Il Goloso consapevole – Chi si accontenta… soffre!

Introduzione

Tutti sanno che i Vizi (o Peccati) Capitali sono saldamente legati alla Tradizione Cristiana, giusto? Eppure… perché Gesù non ne parla e non se ne trova traccia nei quattro vangeli canonici?

Come sempre, diamo per scontate moltissime cose apprese per assimilazione passiva, ma molte di queste potrebbero rivelarsi diverse dalle nostre certezze.

Ad esempio, i termini vizi e peccati sono una formulazione piuttosto recente. In origine, a partire dalle scuole esoteriche babilonesi per passare da successive elaborazioni dei saggi dell’antica Grecia, si parlava piuttosto di ostacoli all’evoluzione.

Tradizionalmente non c’era quindi spazio per ansie o inutili sensi di colpa tanto cari alla nostra cultura attuale. E così dovrebbe essere.

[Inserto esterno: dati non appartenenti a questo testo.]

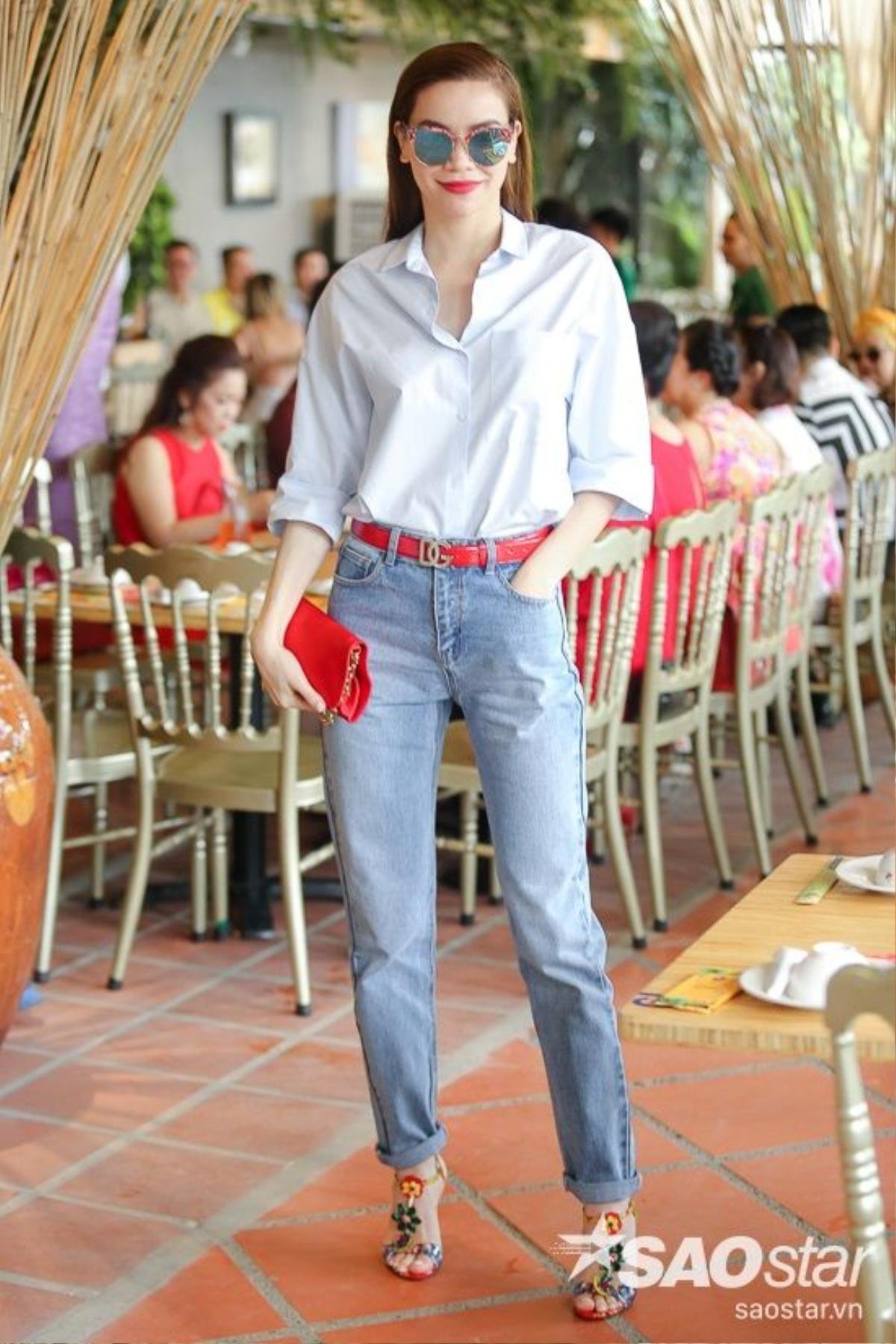 Nữ ca sĩ lựa chọn áo sơ mi trắng kết hợp cùng quần jeans trẻ trung.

I Vizi Capitali dunque – continueremo a chiamarli in questo modo per familiarità concettuale – sono aspetti della natura umana (che per il vero in antichità erano nove e solo in seguito sono stati accorpati a sette) noti ben prima dell’avvento del Cristianesimo.

In passato non erano correlati alla mitologia del peccato originale, e venivano quindi osservati e studiati nella loro forma di sottili dinamiche interiori che tendono a soffocare l’espansione della coscienza, in altre parole la vitalità dell’anima.

L’obiettivo dichiarato era – ed è – prenderne innanzitutto consapevolezza, non solo del modo in cui si esprimono ma anche nel modo in cui ci influenzano la vita e ci tengono quindi prigionieri in un determinato e limitato stato di coscienza. Insomma, capire come fanno a trasformare qualsiasi super-eroe in personaggi schiavi di se stessi.

Offriremo ora qualche breve stimolo di riflessione, provando a dar voce ai diretti interessati. Benvenuti nel mondo della gola.

A tu per tu con il goloso consapevole

Il mio vantaggio è che tutto sommato suscito benevolenza e simpatia, perché ho imparato a godermi la vita, e i goderecci portano leggerezza e spensieratezza. Non faccio nulla di male a nessuno, anzi, condivido volentieri le mie passioni.

Non è comunque solo a tavola che esprimo la mia illimitata fame. Tutto ciò di cui posso nutrirmi mi attira e stimola in me una deriva sfrenata e una dipendenza compulsiva: bere, leggere, assumere sostanze di vario tipo, eccetera.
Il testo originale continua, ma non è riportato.